The summer between junior and senior year in high school is a crossroads for many people, but perhaps especially so for Serena Velasco and her best (and only) friend, Melody Grimshaw. Both of them have just failed Western Civ—Serena because she prefers to use her considerable intelligence and anti-authoritarian outlook to challenge her teacher’s pro-democracy viewpoints, and Melody because she believes on some level that she, like all the Grimshaws before her, is fated to never graduate from high school.

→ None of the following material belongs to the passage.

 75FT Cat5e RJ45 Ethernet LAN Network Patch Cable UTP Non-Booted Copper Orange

The Grimshaws have a bad reputation in Colchis, the small, economically depressed upstate New York town where they live. Serena doesn’t care about public opinion, but that’s easy for her to say. Her mother is the school principal, and her stepfather is a realtor, so although they still need to worry about money, they are worlds away from Melody and the rest of the Grimshaws. Serena knows that she could easily go to college and even get a scholarship if she only applied herself. Melody’s road out of Colchis is much less obvious. She is a talented dancer, but without means or opportunity, how can she pursue her talent and her dream?

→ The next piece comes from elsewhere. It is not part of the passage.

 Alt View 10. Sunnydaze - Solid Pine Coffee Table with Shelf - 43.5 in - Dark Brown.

Tolman’s debut novel is mature and sophisticated, both in its subject matter, which is frequently dark, and in its narrative structure. The chronology covers a little over a year, and the prose, especially near the novel’s end, is beautifully ambiguous. At the heart of this sometimes difficult but ultimately rewarding novel, however, is a realistic portrait of two friends coming to terms with the widening gulf between their future paths, and navigating whether and how they can reconverge.